6 Things To Know About Shopping Vintage
I have always had a love for vintage fashion and I honestly believe that I was meant for a different era. Before I discovered thrifting about seven years ago my mom's closet was my go to for vintage finds. Now I am obsessed with it and decided to turn it into a business. Nothing compares to the high I get when I find a rare piece at an unbelievable price! Every thrift store experience offers limitless opportunity and discovery. Vintage fashion offers countless potential for creativity and has a great sense of sustainability. It is truly timeless. One of the greatest things about vintage is that no one else has it, nor can they get it. I have compiled a list of things to know before you buy vintage so keep reading for some great tips.
An item is not considered vintage unless it's 20-100 years old and is usually a clear representation of the era in which it was made so every decade presents new items that fit this category.
Vintage clothing can be anything from haute couture to mainstream fashion labels and is often made of high quality materials such as silk, leather and wool. Most items will have to be dry cleaned because of this. Construction is key when searching for vintage items. The attention to detail is what makes the items unique so look for items that are finely crafted.
Because women's sizing has changed over time, vintage pieces tend to be sized bigger than how they actually fit so when buying an item take this into consideration and buy a size up from what you actually wear. The era in which it was made will also help with sizing. Pre-1960s fashion was often handmade or tailor made so there will be no label. Know your measurements.
Labeling is also an important thing to look for when shopping. Vintage labels are often bigger and/or flashier than today's modern, sleek labeling. You may also see a series of numbers on the labels usually the style or stock number. This is how designers kept up with their designs before modern technology.

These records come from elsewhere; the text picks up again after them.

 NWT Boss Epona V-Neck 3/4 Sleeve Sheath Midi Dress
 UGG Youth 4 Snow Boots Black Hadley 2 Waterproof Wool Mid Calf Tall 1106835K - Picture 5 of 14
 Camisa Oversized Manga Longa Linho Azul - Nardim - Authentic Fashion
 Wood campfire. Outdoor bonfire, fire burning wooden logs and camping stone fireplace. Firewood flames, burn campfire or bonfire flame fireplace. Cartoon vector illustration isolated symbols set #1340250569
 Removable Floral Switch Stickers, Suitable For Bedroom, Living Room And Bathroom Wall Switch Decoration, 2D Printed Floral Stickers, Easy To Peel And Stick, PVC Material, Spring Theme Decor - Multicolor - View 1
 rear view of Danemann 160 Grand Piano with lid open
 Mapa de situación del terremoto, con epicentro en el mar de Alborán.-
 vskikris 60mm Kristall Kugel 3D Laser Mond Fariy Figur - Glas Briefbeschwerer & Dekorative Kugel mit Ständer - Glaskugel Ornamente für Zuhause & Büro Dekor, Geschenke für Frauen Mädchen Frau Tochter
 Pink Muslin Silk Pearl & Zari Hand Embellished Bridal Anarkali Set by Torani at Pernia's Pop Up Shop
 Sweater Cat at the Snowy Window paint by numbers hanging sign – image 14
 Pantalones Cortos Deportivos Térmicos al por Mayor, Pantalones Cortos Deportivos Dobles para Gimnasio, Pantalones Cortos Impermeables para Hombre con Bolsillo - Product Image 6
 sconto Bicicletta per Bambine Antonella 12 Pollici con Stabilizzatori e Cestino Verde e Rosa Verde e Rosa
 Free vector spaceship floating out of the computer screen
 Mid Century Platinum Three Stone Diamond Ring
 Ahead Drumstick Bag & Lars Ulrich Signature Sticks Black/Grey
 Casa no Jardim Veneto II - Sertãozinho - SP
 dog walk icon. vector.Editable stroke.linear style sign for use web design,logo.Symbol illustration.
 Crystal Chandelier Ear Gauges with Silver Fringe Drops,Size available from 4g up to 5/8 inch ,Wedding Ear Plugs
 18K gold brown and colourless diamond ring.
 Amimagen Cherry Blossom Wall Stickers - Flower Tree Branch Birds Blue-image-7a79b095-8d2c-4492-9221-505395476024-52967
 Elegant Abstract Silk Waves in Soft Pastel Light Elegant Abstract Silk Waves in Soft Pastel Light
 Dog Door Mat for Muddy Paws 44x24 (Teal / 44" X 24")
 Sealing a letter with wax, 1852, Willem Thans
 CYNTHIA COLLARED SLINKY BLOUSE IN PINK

Check the tags for the origin of the item. Brand labels with major cities such as New York, San Fransisco, Paris, London, etc. will be listed alongside the brand name. This was done to note that you were buying a piece originating from a major city. In past era's this was something to brag about because they were not duplicated or mass-produced. Vintage labels may also include a Made in the USA tag, which meant that as the unions started to lose production and manufacturing to Asian countries some companies opted to produce in the USA without a union which resulted in higher production costs. Some items may also have a union tag.
You don't want to look like you're wearing a costume so make sure the items you purchase will fit easily into your existing wardrobe. You want to be able to incorporate vintage into your closet for a modern look. Stay away from too far out items unless they are accessories. They key is to be able to have these items in your closet forever and even pass down to your children.